Ethan Wolfe – Trumpet Teacher

Trumpet, Piano, Trombone, Saxophone
Bachelor of Music, Temple University
Classical, Jazz

HeadshotI am a trumpet player and educator in Philadelphia. I studied at Temple University’s Boyer College of Music and Dance, where I earned the degree of Bachelor of Music in Music Education in 2019. During my career at Temple, I studied classical trumpet primarily under Robert Earley of the Philadelphia Orchestra, but have worked with a number of different trumpet teachers across the East and West coasts. I have also played in the Temple Wind Symphony and Symphonic Band, Temple jazz bands, and the Temple University Concert Choir. In my spare time, I enjoy singing and arranging barbershop music with my quartet “Prime Time”, who will be competing at the international quartet contest in July of 2019 in Salt Lake City. My biggest goal as a music teacher is to help students uncover the parts of their musicianship that excite them, so they find motivation within themselves to be life-long music learners.

 

When did you begin playing Trumpet, and why?
My music career began when I was 7, as a singer in my church’s youth choir. While I didn’t love it then, I have kept singing ever since and am so grateful for where I got my start as a musician. Like many, I first gained interest in playing a band instrument in the 5th grade, when our school’s band director came and put on an “instrument petting zoo” assembly. He played all the band instruments, and I was enamored with the trumpet. That first year, I was mostly on my own. There were only about 3 other students interested in playing band instruments in the 5th grade, and all of them were clarinetists!

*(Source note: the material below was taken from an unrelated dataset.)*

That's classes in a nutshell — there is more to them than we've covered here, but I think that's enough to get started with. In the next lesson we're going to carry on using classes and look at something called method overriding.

What other instruments do you play, and what is your experience with them?
I have been a vocalist from a very young age, and have also come to play the piano, bass, and a range of wind instruments. All of these instruments (besides piano) I got my first exposure to while in college, but have absolutely loved picking them up and especially teaching them to new musicians.

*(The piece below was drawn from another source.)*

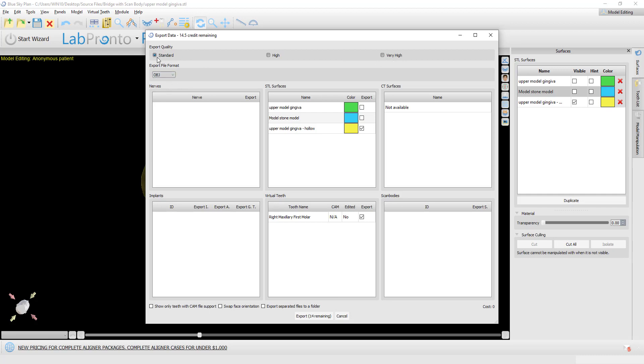You can select the quality. You could keep standard in the vast majority of cases. If you want a larger file with more detail, you could click high. But on the bottom, you want to make sure that you do not have this box checked. You do not want export separated files to a folder because you don't want separate files. You want them to be combined. So we have these items selected, the checkbox is not checked, and we click on export.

What are your personal goals as a musician?
I strive to be able to connect with as many people as I can through our shared music.  I find this goal resonates with me especially as an educator, because it is exciting to see the variety of different ways that students can be excited by music.

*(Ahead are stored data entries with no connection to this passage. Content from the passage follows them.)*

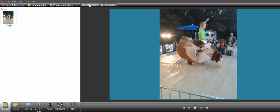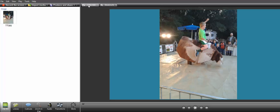Camtasia will let you create things like videos for training or really anything - YouTube videos, whatever you want to be doing, you can create within Camtasia Studio.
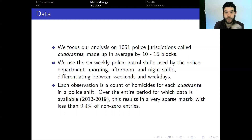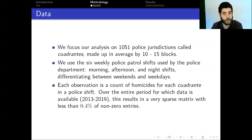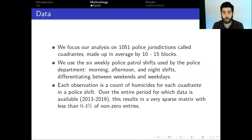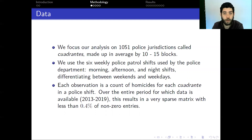With these spatial and temporal units, we construct our dataset, where each observation is a homicide count for each cuadrante in a specific police shift in a specific week of our training period. Constructing this matrix over the entire period for which data is available, from 2013 to 2019, results in a very sparse matrix with less than 0.4% of non-zero entries, showing the low frequency and spatial sparsity of this data.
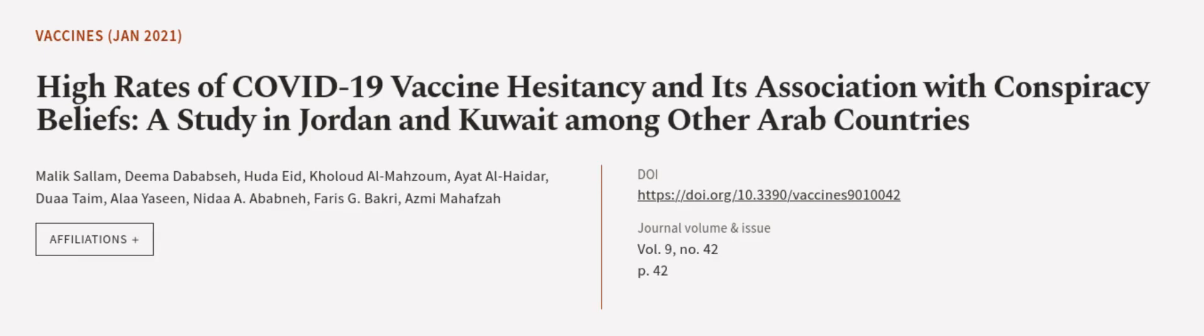These findings suggest that there is a need to address vaccine hesitancy in order to ensure successful control of the pandemic. This article was authored by Malik Salam,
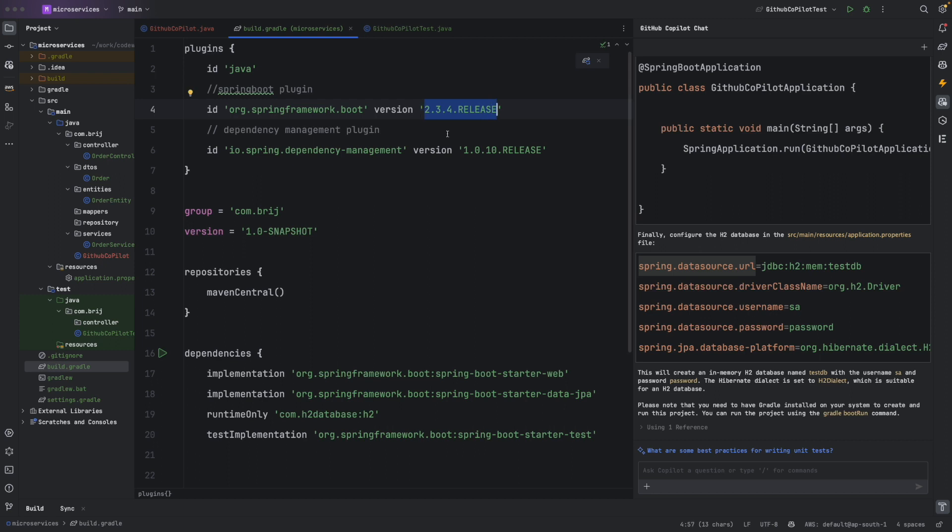One thing to be careful about: the dependency version suggested by GitHub Copilot may not always be the latest. For example, it suggested Spring Boot 2.3.4 while the current version is 3.2. You may need to fix version numbers manually. Whenever working with GitHub Copilot, always verify that the code and dependency versions you receive are correct.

Do you have a memory of a time when a musical concept or technique really clicked?  Something you’ll remember forever?
When I was a junior in high school, I started taking private theory lessons from my trumpet teacher at the time. There were so many eureka moments during those lessons, and I have loved music theory ever since.

What is your favorite piece of advice from one of your past (or current) teachers?
The last trumpet teacher I ever had when I lived back in California spent one of our last lessons talking about expectations for when I moved. He reminded me that even though I was very successful in my hometown, sine I was moving out east I was probably going to feel like a little fish in a big pond. This has felt true at different points in my career as my musician, and his comments have stuck with me ever since. When I picture myself as the little fish, I feel an innate drive to push myself to become better, which is so crucial as a musician. This philosophy keeps me humble too–I reflect on this perspective a lot. There’s always another hot-shot out there, but they won’t always be gracious, kind, or humble!

What was your most challenging moment learning an instrument?
When I was finishing up high school, I had to go through a transformative embouchure change, essentially moving where I place my mouthpiece on my lips when I go to play. Luckily, I had a teacher who was able to coach me through this change. It took almost two years to regain the strength I had before the change, and it was really to stay motivated. I’m better now, but have become very sympathetic to anyone working through a bad habit on their instrument!

What is your biggest musical achievement?
Near the end of my undergraduate career, I took a counterpoint composition class with Professor Jan Krzywicki. This was a very challenging class about the opportunities and rules present in writing co-dependent melodies as perfected by J.S. Bach, and I loved it. It was here that I got to complete some of the work for which I’m most proud, including a fugue, several canons, and more than a few barbershop arrangements.

Favorite thing about teaching?
I love the look in a student’s eyes when they have been struggling with a concept, and suddenly put all the pieces together. One of the challenges of teaching is that no matter how you choose to approach a learning objective with a student, at the end of the day they need to make the leap to understanding on their own. It is so satisfying to seem them figure out something for themselves.

What is a piece of advice you would like to share with anyone learning music?
While this may seem like a tiny thing, my big piece of advice is to record yourself. Besides being good practice, it serves to remind you of how far you’ve come. Getting better at an instrument is a grueling process, and pulling up an old recording of yourself can be a helpful reminder on the hard days of exactly how far you’ve come.

Personal music projects:
My barbershop quartet has been working diligently to qualify for the international quartet contest in Salt Lake City this summer. I have been twice before with a different quartet, and they were two of the best weeks of my life. I am excited at the opportunity go with this new group.